I used a slide rule in high school; calculators weren't allowed becuase not everyone could afford them. I bought a TI SR-10 in 1973 for $90.

I think young engineers today place too much emphasis on computers. They're seem too eager to create a model for even the simplest things. There's nothing wrong with that but the danger is that they're not thinking through the problem. A computer should be a tool not a crutch. It shouldn't be a substitute for learning how to discern things.

When most things were done by hand, we spent more time thinking about the approach to the analysis or design.
 
Too tolerant of mistakes?
Bridgebuster's comments suggest that when you do it the hard way you have to be rigorous because you can't afford to make mistakes. With computers it doesn't matter that you get to the end before you find the mistake because it is so easy to correct it and start over. The problem is when this "tolerance" leads to the mistakes not being discovered; perhaps we don't fear mistakes as much as we should.

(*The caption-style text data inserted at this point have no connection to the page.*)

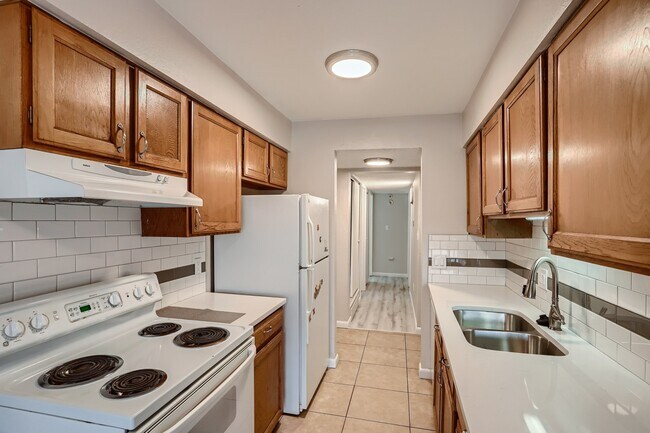 Building Photo - 14904 E Hampden Cir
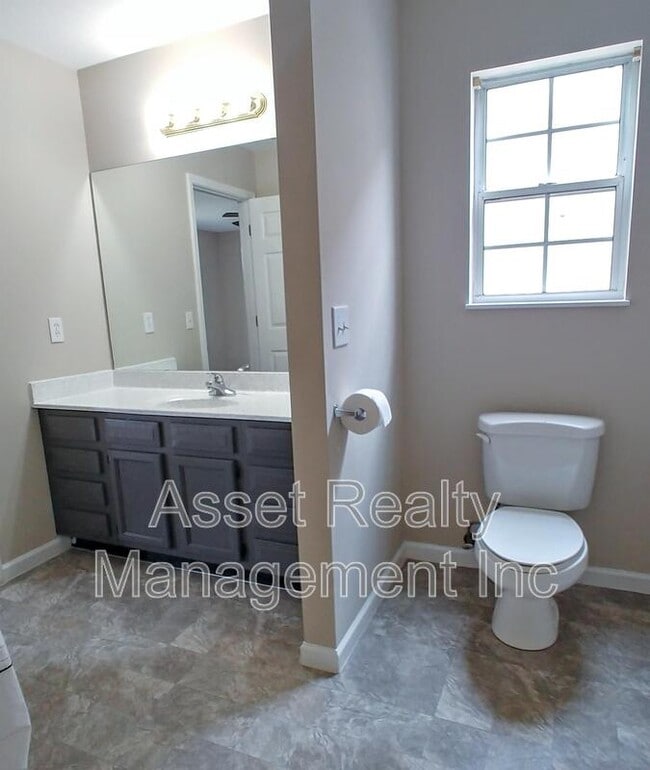 Building Photo - 3905 Hillside Terrace Ln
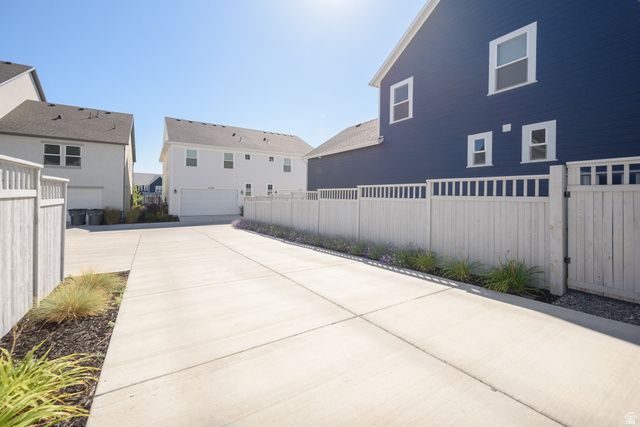 6789 W LEANDER DR, South Jordan, UT 84009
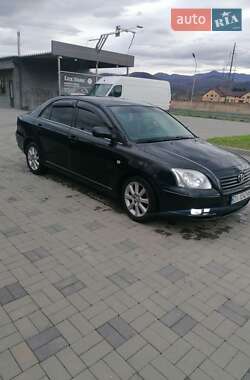 Седан Toyota Avensis 2005 в Хусте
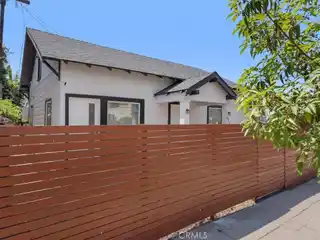 Remodeled Mid-Wilshire Home with Private Upstairs Unit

Consider the spell checker. We type away and then let we correct the spellings that spell checker points out to us. We will miss the mistaken use of their for there because we no longer have the right discipline. Before spell checkers when we wrote directly to the page, you had to get it right first time because too many mistakes meant starting over and even a few mistakes meant getting out the typex.

So, is Word with spell checker better than the old ways? It is certainly more productive but have we learned to use it correctly or lazily?

JMW
 
With or without a spell checker, Word (or any other WP) is essential for me. I am not able to put down my thoughts coherently in a linear fashion (i.e., start at the beginning; finish at the end). I write chunks of prose (manuals, design docs, etc) in a random order and then stitch them together in a WP. Without a WP I would sit at the beginning with writer's block.

- Steve
 
I really think it boils down to ubiquity and the understanding of the calculation process - having a feel for where you should end up. The more esoteric the machine or program, the less likely anyone other than the designer will know the limitations of it. A standard calculator can be given to most folks with an understanding of math and within a few seconds be able to perform many types of calculations with great accuracy and precision. Hand that person an RPN calculator and they stall for a little while, but can catch up fairly quickly.

With both of these tools, an understanding of the order of operations of math is required to do many multi-step calculations. With that understanding, they can use parenthesis and the RPN stack to keep things straight.

Now, put them on Excel to do some calcs. There is a quirk in Excel where the program handles one rule of the order of operations differently than what is generally accepted. Here's where things get interesting. Without knowing that quirk, and using the same rules they used with their calculators, they will get different answers with Excel than what their calculators gave them. If they don't check it with their calculators and they have no feel for what the answer should be, they will blissfully carry on believing that their answer is perfectly correct.

The Garbage In/Garbage Out rule ALWAYS applies, but when the volume of input gets larger (sophisticated programs), or the rules change (unexpected or unknown program assumptions or quirks), it is much easier for garbage to get in. This is why a much greater understanding of what is going on is required when using more sophisticated tools.


(FYI: for a very lively discussion on the Excel quirk, see these threads:



If you "heard" it on the internet, it's guilty until proven innocent. - DCS
 
SomptingGuy,
25 years ago, you would have put your thoughts on a piece of paper, probably written an outline, then pieced them together for the secretary to type up (hopefully on a Wang). If your paper was not put together well enough you would have seen first hand "garbage-in garbage-out".
That would have forced a different technique of putting your paper together.
 
Well it was 22 years ago, but yes, she did have a Wang. There was so must wasted time trying to get bits rearranged when they didn't read quite right. Plus she wasn't keen on typing little bits here and there - it had to be considered finished.

- Steve
 
"Well it was 22 years ago, but yes, she did have a Wang"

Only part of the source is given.